Mostly concurrent marking
Tracks mutations in Card
Revisits mutated Cards
STW to catch up on mutations


Concurrent Sweeping
Does not compact: maintains a free list, does not move objects
Fallbacks to full collection (monolithic STW) for compaction etc.

Hotspot G1 GC (aka Garbage First)


Monolithic STW copying NewGen
Mostly concurrent OldGen marker

mostly concurrent marking

single STW to catch up on mutations


tracks inter-region relationships in remembered sets


STW mostly incremental compactions OldGen

Objective: avoid having a full collection as much as possible
Compact sets of regions that can be scanned in limited time
delay compaction of popular objects & regions


Fallback to Full Collection (monolithic STW) used for compacting popular objects and regions

Modern Collectors

Use concurrent compaction (finally!)

Azul C4 GC: Production ready collector in Zing JVM (ZVM) since Java 7.
Shenandoah: Experimental collector in OpenJDK 12
ZGC: Experimental collector in OpenJDK 11, production ready in OpenJDK 15

Azul C4 GC

Objectives for solving STW


Robust concurrent marking:

in the presence of high mutation allocation rates
cover modern runtime semantics (example, weak refs, lock deflation etc.)


Compaction that is not monolithic STW

stay responsive even when compacting terabyte Heaps
must be robust, and not just delay STW compaction. Current incremental STW attempts fall short on robustness


YoungGen that is not monolithic STW

stay responsive when promoting multi-GBs data-spikes
concurrent or incremental STW may both be OK.


Features

Its a continuously concurrent compacting collector.

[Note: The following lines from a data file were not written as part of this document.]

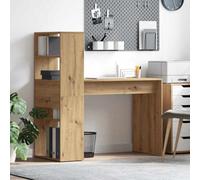 Walplus Desk With Shelf Artisan Oak 113 X 54 X 120 Cm Engineered Wood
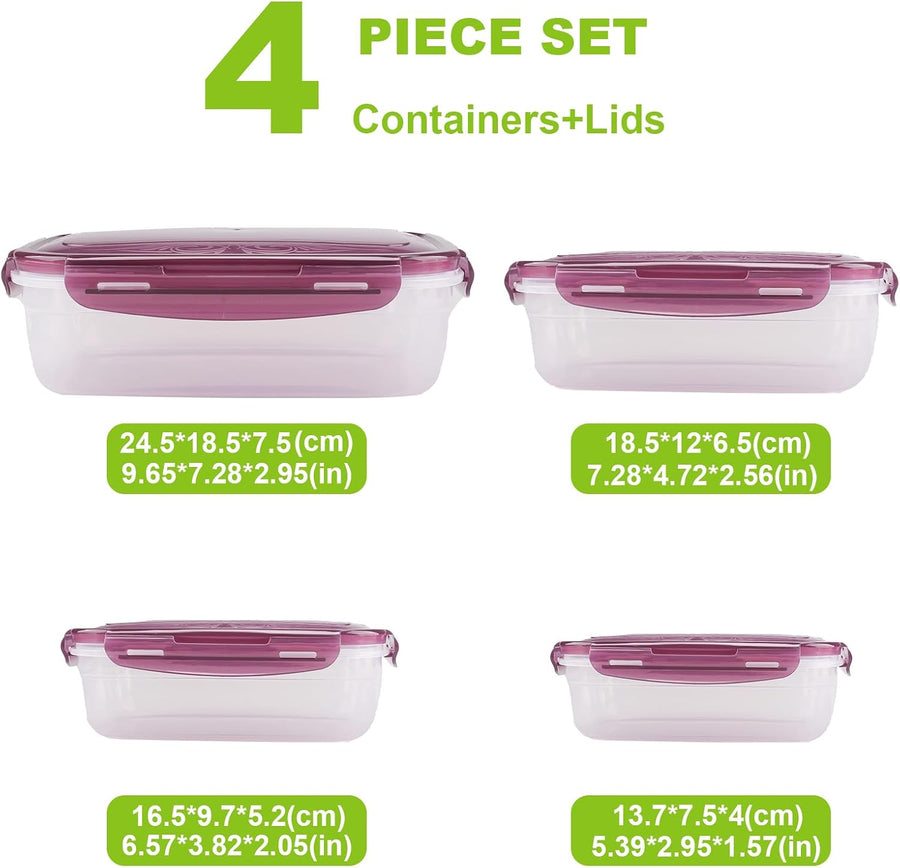 4 Pcs Airtight Food Storage Set, 280Ml/500Ml/1000Ml/1800Ml Food Storage Containers Plastic Food Containers with Lids for School, Work, Microwave, Reusable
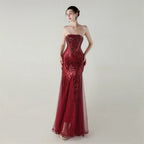 sequin strapless tulle maxi dress Avalabel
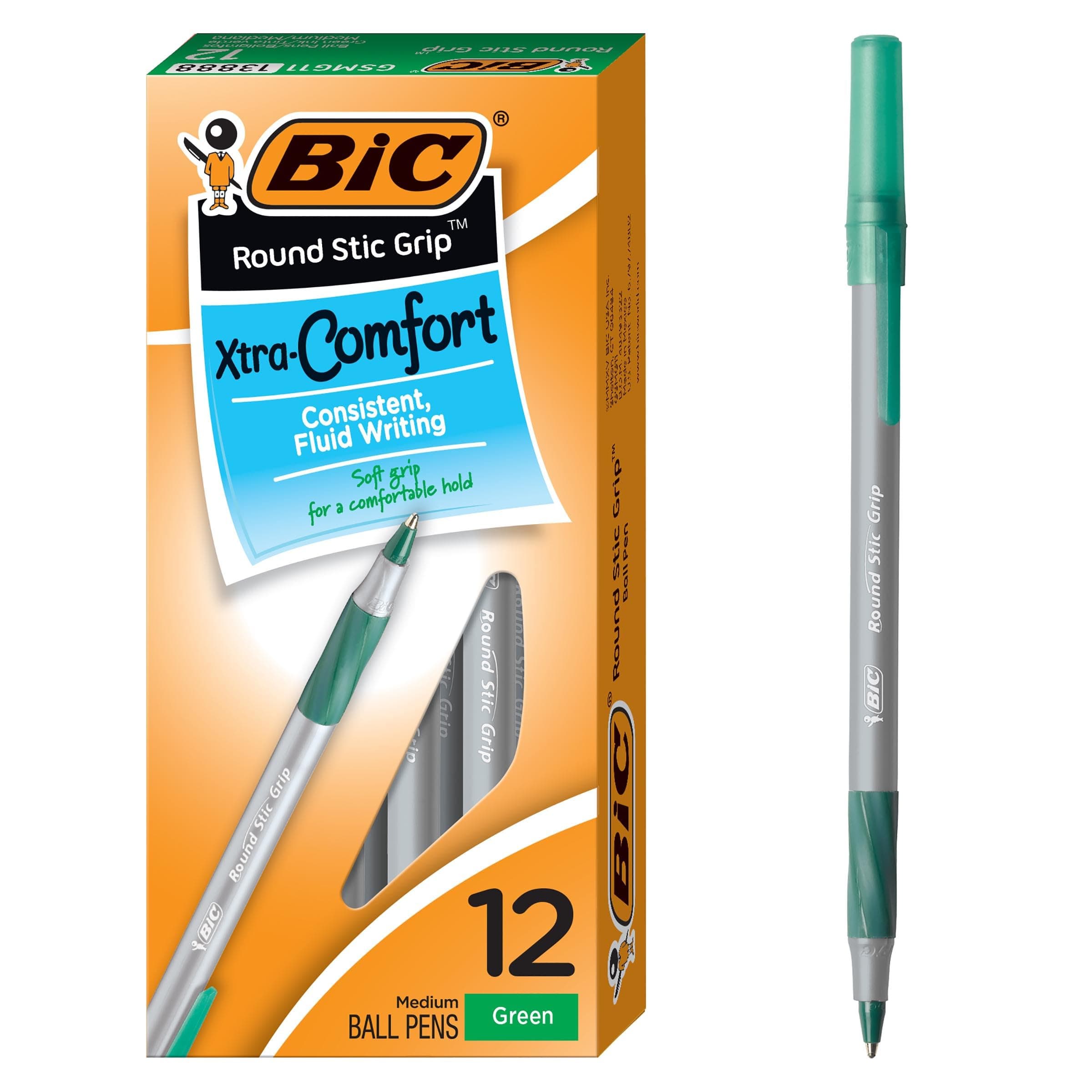 Round Stic® Grip™ Xtra-Comfort Medium Ball Point Pen; Green; 12 Pack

Concurrent guaranteed single-pass marker

oblivious to mutation rate
concurrent reference (weak, soft, final) processing.


Concurrent compactor

Objects moved without stopping mutator
References remapped without stopping mutator
Can relocate entire generation (NewGen/OldGen) in every GC cycle


Concurrent compacting NewGen
Concurrent compacting OldGen
No STW fallback (the option exists, but is not the default behaviour)